Without expertise, it’s easy to miss opportunities or file in the wrong system. That’s why many providers default to accepting underpayments rather than pursuing arbitration. But in doing so, they allow insurers to keep millions in revenue that should rightfully belong to them.
How You Can Maximize Reimbursements
If you want to ensure you’re choosing the right path and recovering as much revenue as possible, you need a clear strategy. Focus on these areas:
- Know your state laws: Stay up to date on whether your state has its own arbitration process and how it differs from the federal system.
- Evaluate each claim individually: Don’t assume federal or state arbitration is always better. Instead, analyze which option gives you the stronger case.
- Leverage experts: Partner with specialists who are experts in both federal and state arbitration representation for denied claims and can handle the process on your behalf.
By implementing these strategies, you can stop leaving money on the table and ensure you’re using whichever law, federal or state, secures the best reimbursement.
The Executive’s Role in Revenue Strategy
As a healthcare executive, your job is to protect your organization’s financial health while supporting your staff and serving patients.

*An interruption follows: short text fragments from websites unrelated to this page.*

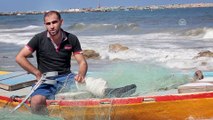 Gösterilerde bacağından yaralanan Gazzeli balıkçı ailesi için mesleğini bırakmadı - GAZZE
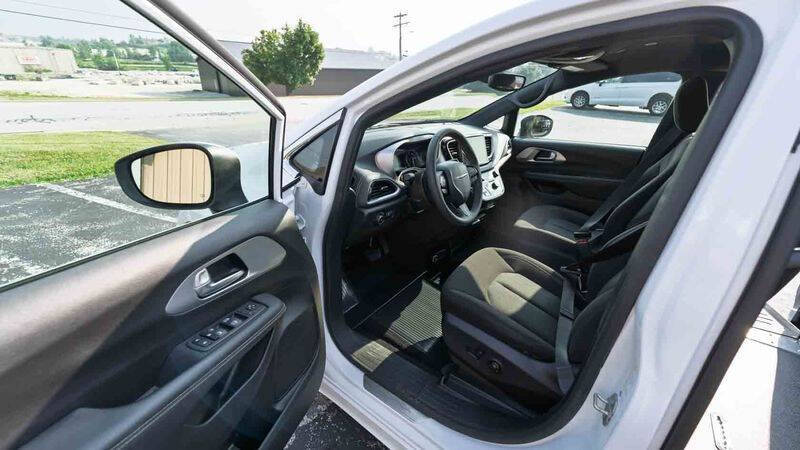 2023 Chrysler Pacifica Touring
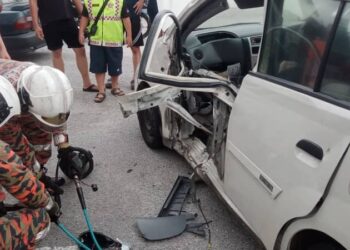 KEADAAN kereta Perodua Viva yang terlibat kemalangan mengorbankan dua individu di Menglembu, Ipoh semalam. - UTUSAN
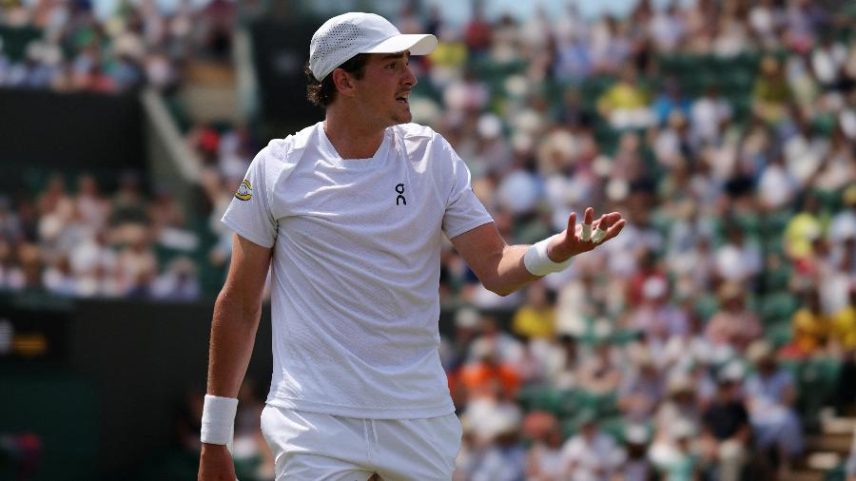 João Fonseca reage em partida contra o russo Roman Safiullin em Wimbledon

Arbitration under federal or state law isn’t just about fighting insurers; it’s about financial stewardship. Every dollar you recover strengthens your ability to hire, expand services, and invest in patient care.
When you take arbitration seriously, you send a message that your organization won’t be bullied by insurers or deterred by complexity. Instead, you demonstrate leadership by pursuing every avenue to secure the payments you deserve.
Use the System That Works Best for You
Federal and state surprise billing laws both exist to prevent patients from being caught in the middle of disputes. But for you as a provider, the real question is which system maximizes your reimbursement. The truth is that it depends on your state, your claim, and your strategy.
By learning the differences and leveraging expertise, you can turn these laws into tools that work in your favor. Insurers count on your inaction, but with the right approach, you can reclaim control of your revenue and ensure your organization thrives.